The National World War II Museum comprises six enormous buildings. Two days later writing this, it’s a source of regret I didn’t plan to go. The tour guide recommended spending at least a day to get the best of it as it’s expensive with a $60 entrance fee.
Outside though, are various public exhibits. A section of the ‘Atlantic Wall’ built by the Germans that went from the Spanish-French border to Norway is on display, complete with shell marks. Alongside is a life-size likeness of Anne Frank and an extraordinary sculpture of twelve US airmen being briefed for a mission.
An explanation by the artist explains each figure embodies an archetype of those who served. The postures and facial expressions evoke precisely the personas described: ‘Speed’ is studying his watch, indicating the importance of timing in missions; ‘Lucky Strike’ represents the older, more experienced pilot and has his arms folded, sceptically, as many crews were, on the poor information they had to work with.
The faces of the lighter-coloured figures are ghostly, obscured by masks, and represent how they perished. ‘Lonesome’ was shot down and feels he failed his comrades, clipping ‘Stud’ on his descent, who comforts him that such accidents are common in war.
The bus continues into the ‘Garden District’. Once the separate city of Lafayette, in most ways it still is, with exquisite mansions and oak-lined streets. The grandest properties are on Saint Charles Avenue which has its own tram running up the central reservation. A sort of Park Avenue for the ‘Gone with the Wind’ era. In the slightly less enviable area of the ‘Lower’ Garden District, there’s a selection of tempting cafes and bars, mixed in with an evidently more diverse neighbourhood.
Jumping off the bus in the French Quarter, I walk Bourbon Street and what a grisly sight it is in daylight. Filthy and drab: a hangover from hell after the nightmare orgy of the American Dream… Tourists quaff endless, luminous buckets of cocktails and lurch around wearing mirthless expressions.
The lost and mad souls that make up the indigenous population cling to one another in a deadly embrace or bicker animatedly while a sweet, sickly stench of weed hangs all around like smog. Two cops sitting on Harleys, guns on their hips, try to exude some sense of authority over the mayhem, but they just look faintly ridiculous.
But an hour later, dusk falls and with it, the magic returns. There’s time for a couple more Sazerac’s before dinner at Brennan’s, one of the city’s most famous restaurants and the home of the ‘Bananas Foster’ a desert flambeed table-side, named after Richard Foster, a local civic and business leader.

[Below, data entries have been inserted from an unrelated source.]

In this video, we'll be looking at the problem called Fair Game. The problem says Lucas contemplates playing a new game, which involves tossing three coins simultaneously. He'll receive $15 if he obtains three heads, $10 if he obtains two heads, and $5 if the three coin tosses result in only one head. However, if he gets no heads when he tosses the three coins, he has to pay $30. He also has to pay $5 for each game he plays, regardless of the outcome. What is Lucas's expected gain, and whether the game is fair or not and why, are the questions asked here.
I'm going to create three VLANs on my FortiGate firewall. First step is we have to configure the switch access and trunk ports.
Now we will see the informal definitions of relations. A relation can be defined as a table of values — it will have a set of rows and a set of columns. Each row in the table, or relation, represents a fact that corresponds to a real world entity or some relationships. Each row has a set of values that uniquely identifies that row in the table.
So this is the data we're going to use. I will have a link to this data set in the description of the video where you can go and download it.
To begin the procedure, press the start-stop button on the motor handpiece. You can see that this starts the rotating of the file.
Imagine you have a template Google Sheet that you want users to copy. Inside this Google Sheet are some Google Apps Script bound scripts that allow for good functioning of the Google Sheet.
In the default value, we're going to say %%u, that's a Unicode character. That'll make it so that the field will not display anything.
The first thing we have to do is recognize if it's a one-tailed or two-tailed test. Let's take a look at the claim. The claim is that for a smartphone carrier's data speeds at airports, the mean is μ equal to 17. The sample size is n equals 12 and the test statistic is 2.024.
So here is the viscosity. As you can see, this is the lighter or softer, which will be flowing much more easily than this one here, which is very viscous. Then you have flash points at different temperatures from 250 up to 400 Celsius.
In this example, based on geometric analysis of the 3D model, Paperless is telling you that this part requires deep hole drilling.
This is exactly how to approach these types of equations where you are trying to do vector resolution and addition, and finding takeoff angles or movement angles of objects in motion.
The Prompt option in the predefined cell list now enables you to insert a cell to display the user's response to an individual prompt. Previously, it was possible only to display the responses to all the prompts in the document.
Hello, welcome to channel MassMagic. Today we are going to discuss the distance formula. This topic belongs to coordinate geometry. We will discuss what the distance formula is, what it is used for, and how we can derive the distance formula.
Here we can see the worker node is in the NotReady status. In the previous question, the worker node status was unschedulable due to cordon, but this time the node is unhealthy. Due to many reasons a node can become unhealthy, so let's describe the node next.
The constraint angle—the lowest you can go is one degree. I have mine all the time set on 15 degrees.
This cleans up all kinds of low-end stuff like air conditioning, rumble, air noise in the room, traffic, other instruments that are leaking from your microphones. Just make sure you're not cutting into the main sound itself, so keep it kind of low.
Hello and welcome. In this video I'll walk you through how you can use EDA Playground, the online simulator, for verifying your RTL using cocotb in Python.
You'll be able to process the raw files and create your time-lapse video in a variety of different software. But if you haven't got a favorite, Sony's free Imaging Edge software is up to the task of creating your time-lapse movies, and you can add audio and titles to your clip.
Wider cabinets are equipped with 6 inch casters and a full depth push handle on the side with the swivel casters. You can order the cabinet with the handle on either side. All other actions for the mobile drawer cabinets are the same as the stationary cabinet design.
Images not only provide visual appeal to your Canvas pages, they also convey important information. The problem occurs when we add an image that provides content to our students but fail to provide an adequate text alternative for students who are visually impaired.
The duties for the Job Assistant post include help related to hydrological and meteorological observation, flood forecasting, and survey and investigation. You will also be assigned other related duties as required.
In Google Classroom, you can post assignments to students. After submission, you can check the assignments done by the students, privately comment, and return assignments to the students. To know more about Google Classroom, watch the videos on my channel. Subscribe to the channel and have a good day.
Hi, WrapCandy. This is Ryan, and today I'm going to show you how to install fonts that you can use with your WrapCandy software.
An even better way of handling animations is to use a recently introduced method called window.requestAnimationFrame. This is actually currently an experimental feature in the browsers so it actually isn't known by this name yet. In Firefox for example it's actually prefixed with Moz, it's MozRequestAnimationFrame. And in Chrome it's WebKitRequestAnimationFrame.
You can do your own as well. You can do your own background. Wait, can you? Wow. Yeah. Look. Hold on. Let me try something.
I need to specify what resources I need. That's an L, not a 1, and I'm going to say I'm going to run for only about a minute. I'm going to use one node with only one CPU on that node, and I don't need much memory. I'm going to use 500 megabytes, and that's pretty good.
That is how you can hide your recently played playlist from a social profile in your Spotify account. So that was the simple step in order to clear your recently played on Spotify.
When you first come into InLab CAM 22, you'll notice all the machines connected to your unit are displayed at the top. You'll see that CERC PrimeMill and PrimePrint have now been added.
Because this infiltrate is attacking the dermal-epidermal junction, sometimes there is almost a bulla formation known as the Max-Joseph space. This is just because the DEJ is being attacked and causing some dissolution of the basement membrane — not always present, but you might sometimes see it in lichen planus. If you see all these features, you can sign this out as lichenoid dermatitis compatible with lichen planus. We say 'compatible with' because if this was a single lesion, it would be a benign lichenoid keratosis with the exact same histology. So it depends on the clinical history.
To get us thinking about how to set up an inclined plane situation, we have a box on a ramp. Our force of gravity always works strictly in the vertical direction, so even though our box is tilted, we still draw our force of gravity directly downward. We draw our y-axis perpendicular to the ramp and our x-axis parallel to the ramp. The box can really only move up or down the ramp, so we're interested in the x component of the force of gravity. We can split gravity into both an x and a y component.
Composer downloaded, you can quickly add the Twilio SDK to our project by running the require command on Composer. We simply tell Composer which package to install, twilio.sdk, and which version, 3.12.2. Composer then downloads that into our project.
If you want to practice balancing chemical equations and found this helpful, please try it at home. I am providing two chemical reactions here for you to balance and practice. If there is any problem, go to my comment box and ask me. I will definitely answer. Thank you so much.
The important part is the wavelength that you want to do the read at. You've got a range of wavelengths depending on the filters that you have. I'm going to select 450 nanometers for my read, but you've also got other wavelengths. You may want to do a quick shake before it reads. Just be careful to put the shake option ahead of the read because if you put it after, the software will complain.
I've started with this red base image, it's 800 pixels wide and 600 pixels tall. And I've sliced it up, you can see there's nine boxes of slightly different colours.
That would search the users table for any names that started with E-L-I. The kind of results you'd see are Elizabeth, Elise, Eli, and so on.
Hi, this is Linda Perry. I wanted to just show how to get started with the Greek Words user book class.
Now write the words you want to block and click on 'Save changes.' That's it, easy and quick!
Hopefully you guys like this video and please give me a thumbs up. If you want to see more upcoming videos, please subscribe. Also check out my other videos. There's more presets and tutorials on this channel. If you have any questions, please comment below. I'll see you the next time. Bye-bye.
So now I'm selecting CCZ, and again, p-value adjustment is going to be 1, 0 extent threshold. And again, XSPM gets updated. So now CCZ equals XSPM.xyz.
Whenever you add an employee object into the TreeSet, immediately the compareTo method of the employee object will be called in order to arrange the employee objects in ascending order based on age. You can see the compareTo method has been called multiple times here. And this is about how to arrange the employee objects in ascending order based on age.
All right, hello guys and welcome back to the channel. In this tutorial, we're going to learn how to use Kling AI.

In 1946 Brennan’s owner Owen, had challenged his chef, Paul Blange, to include bananas in a new dessert as a way of promoting the imported fruit, and this pyrotechnical display was the result.
On leaving the next morning, a lady in her seventies, I think, is bundling her possessions into the back of a battered Datsun. She’s seen my bike with its UK number plate and asks me about my trip.
Without preamble, she asks if she might say a prayer for me, and makes one up impromptu. Elegiac and heartfelt, she clutches my gloved hand and wishes me great adventures and safe travels.
“The Blood of Jesus” she assures me “is the best insurance cover you can get”. She wears the look of one for whom life has not been kind, but her optimism and faith are undimmed. I do hope she gets lucky sometime.